Mr Greenblatt tweeted that the Nazis “dehumanized” Jews and “used this racist propaganda to justify slaughtering six million”.

“Holocaust distortion is dangerous,” he added.

Ms Goldberg, whose birth name was Caryn Johnson, has said that she adopted her surname partly because, while she doesn’t practice religion, she identifies as Jewish.

“I am a Jewish-American princess,” she told the Orlando Sentinel in 1994. “That’s probably what bothers people most.
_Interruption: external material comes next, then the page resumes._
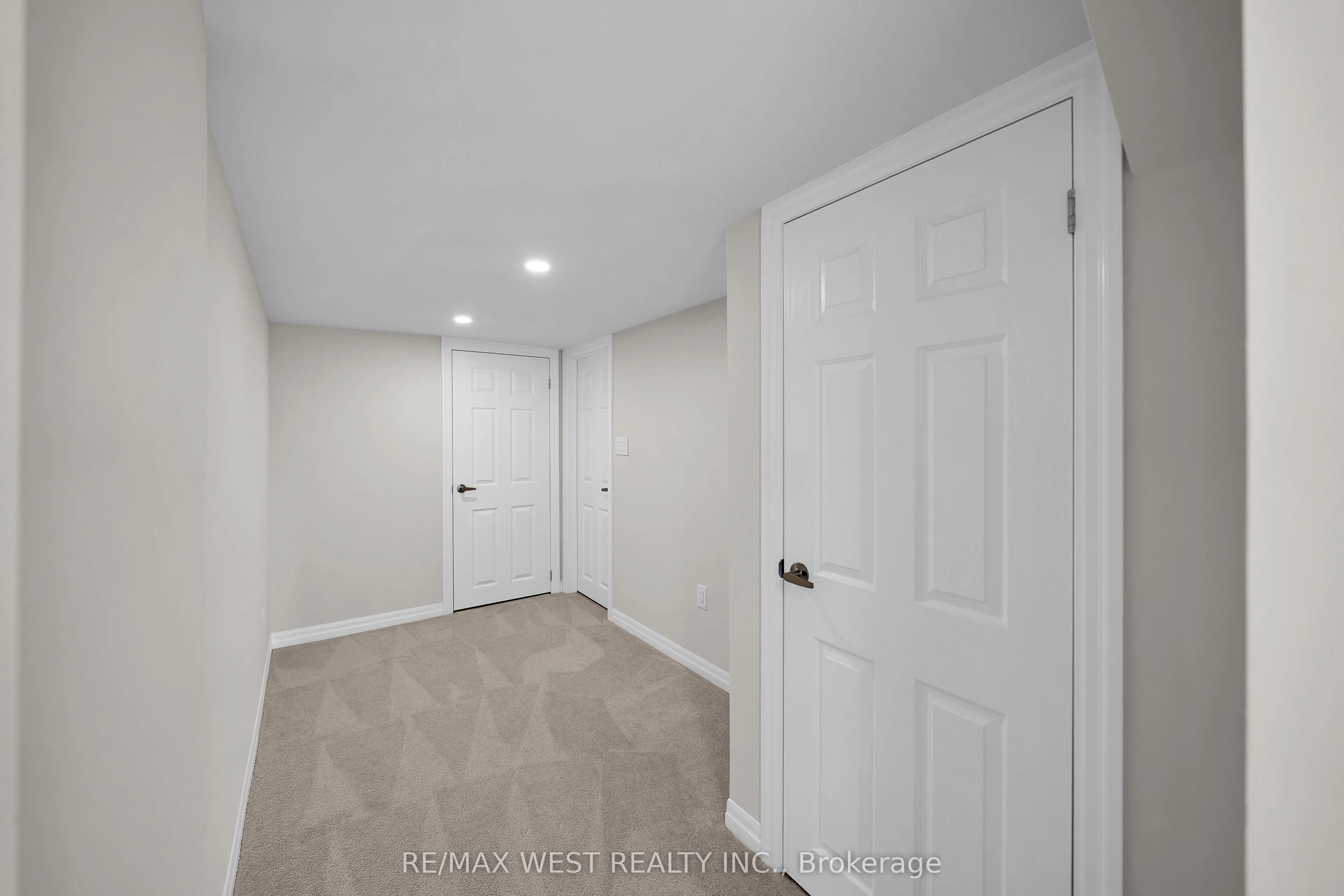 51 Northrop Avenue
It’s not my problem people are uncomfortable with the fact that I’m Jewish.”

“Consequences only go one way folks,” Mr Trump Jr tweeted earlier on Tuesday. “You should know this by now.”

Mr Trump Jr compared the treatment of Ms Goldberg, who has not been fired from ABC, to the firing of Roseanne Barr, whose ABC sitcom was cancelled after she posted a racist tweet comparing an African American aide to former President Barack Obama to an ape.
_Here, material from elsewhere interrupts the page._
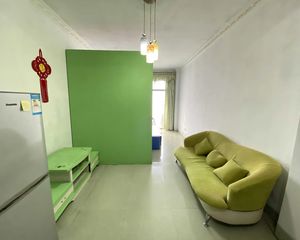 嘉州华都1房1厅精装40万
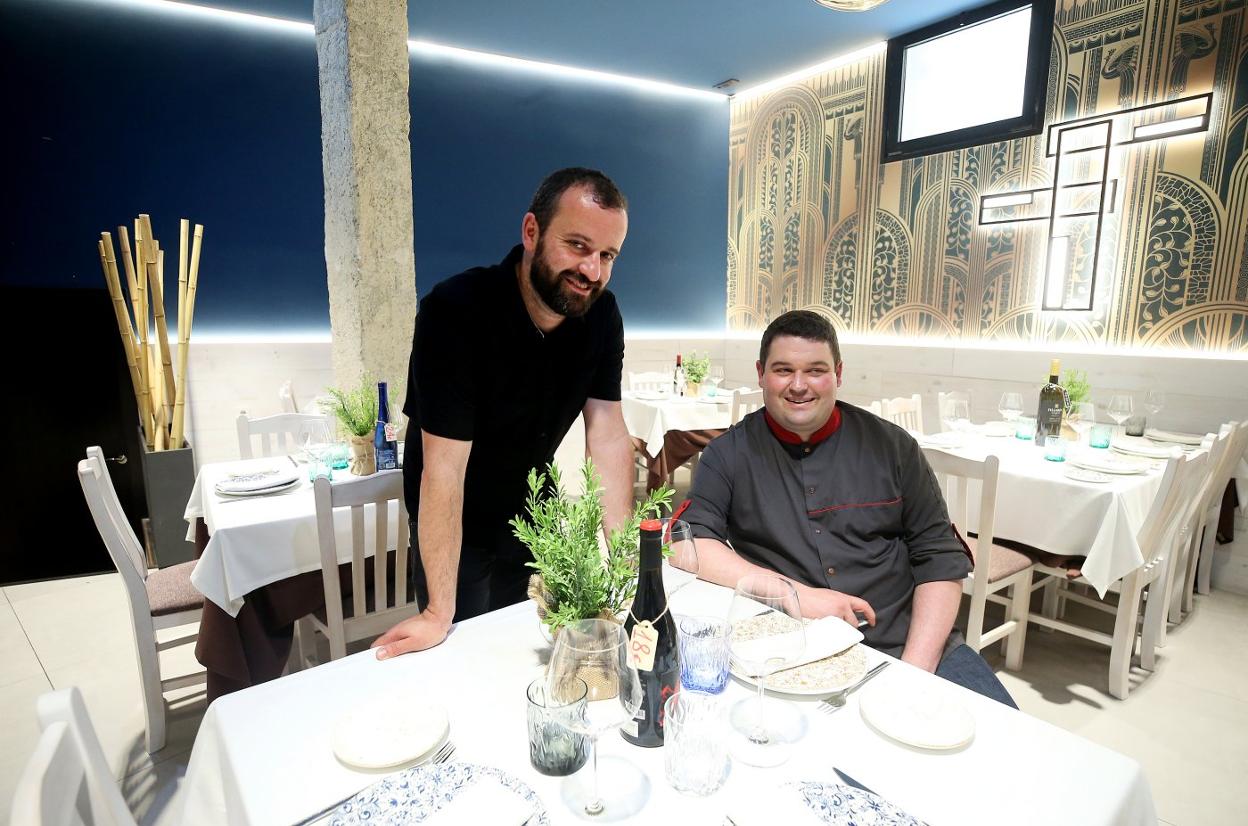 Juan y José Luis Cuesta, junto a una las mesas de su acogedora sala.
Ms Barr blamed the racist post, which was later deleted, on “ambien tweeting”. In the post, she described the longtime Obama aide, Valerie Jarrett, as the child of the Muslim Brotherhood and the film The Planet of the Apes.

“Roseanne’s Twitter statement is abhorrent, repugnant and inconsistent with our values and we have decided to cancel her show,” ABC said at the time.

“While all pharmaceutical treatments have side effects, racism is not a known side effect of any Sanofi medication,” a spokesperson for the pharmaceutical company that makes Ambien said.

“I’m not a racist, I never was [and] I never will be. One stupid joke in a lifetime of fighting [for] civil rights [for] all minorities, against networks, studios, at the expense of my nervous system/family/wealth will NEVER [be] taken from me,” Ms Barr tweeted on 30 May 2018, to fierce criticism on the social media platform.